* [ASSIGNMENT] Every line below from the one containing "Scrapping Vehicle citroen" through the one containing "Great Pyrenees Emoji sticker" must be transcribed exactly. Omit all lines outside that stretch.

[EXCERPTED RECORDS]

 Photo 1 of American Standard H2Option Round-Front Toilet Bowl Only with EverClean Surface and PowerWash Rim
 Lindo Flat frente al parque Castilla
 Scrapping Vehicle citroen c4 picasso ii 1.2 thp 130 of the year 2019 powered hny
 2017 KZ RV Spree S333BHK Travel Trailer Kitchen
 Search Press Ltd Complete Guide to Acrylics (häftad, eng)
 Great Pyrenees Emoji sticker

[/EXCERPTED RECORDS]
[EXCERPTED RECORDS]

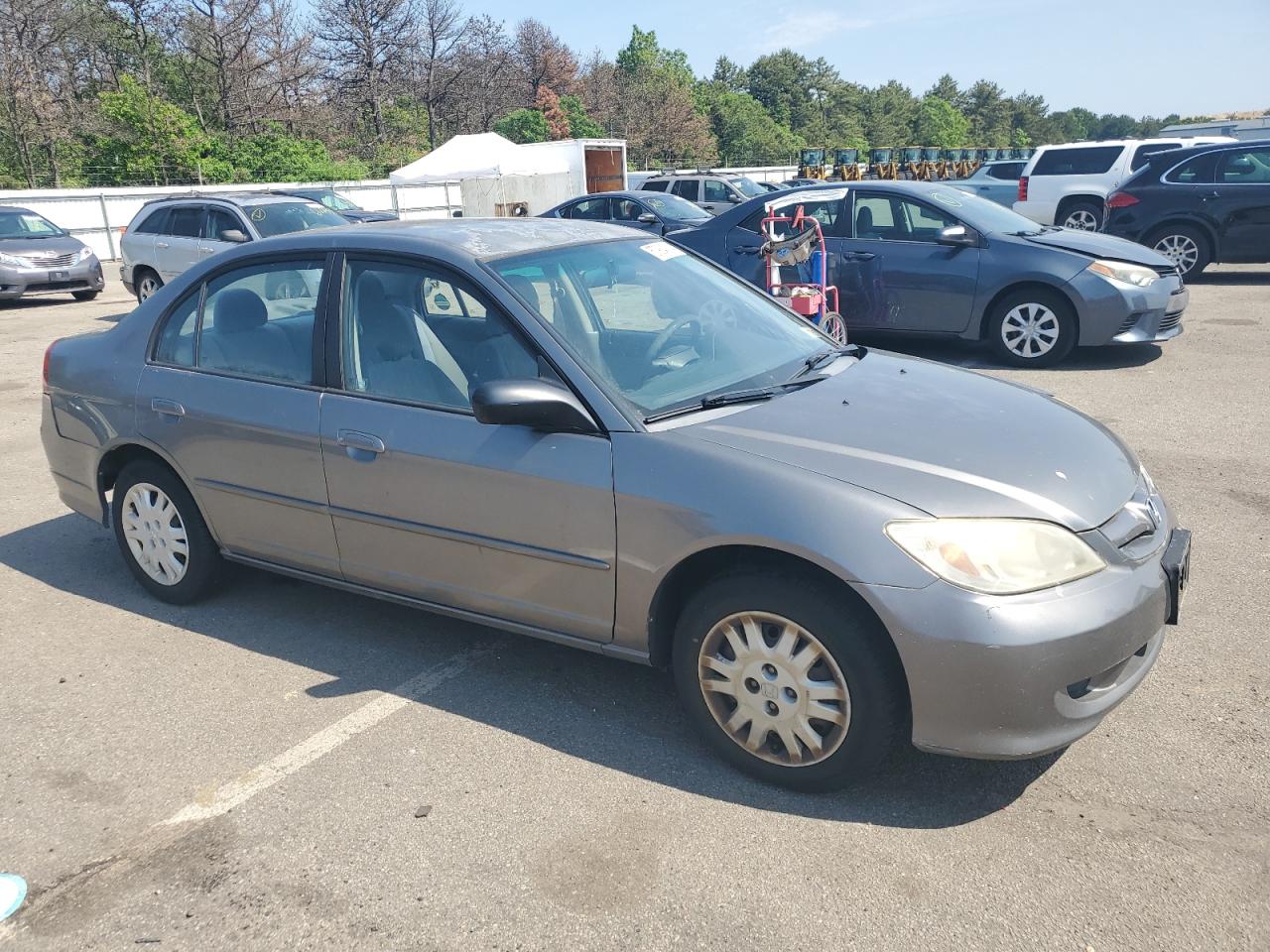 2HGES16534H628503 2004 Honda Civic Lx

[/EXCERPTED RECORDS]
[EXCERPTED RECORDS]

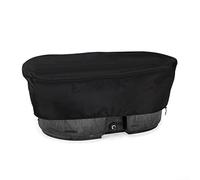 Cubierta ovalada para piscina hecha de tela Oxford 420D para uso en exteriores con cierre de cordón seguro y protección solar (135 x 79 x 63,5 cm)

[/EXCERPTED RECORDS]

* [ANSWER SPACE]
 Scrapping Vehicle citroen c4 picasso ii 1.2 thp 130 of the year 2019 powered hny
 2017 KZ RV Spree S333BHK Travel Trailer Kitchen
 Search Press Ltd Complete Guide to Acrylics (häftad, eng)
 Great Pyrenees Emoji sticker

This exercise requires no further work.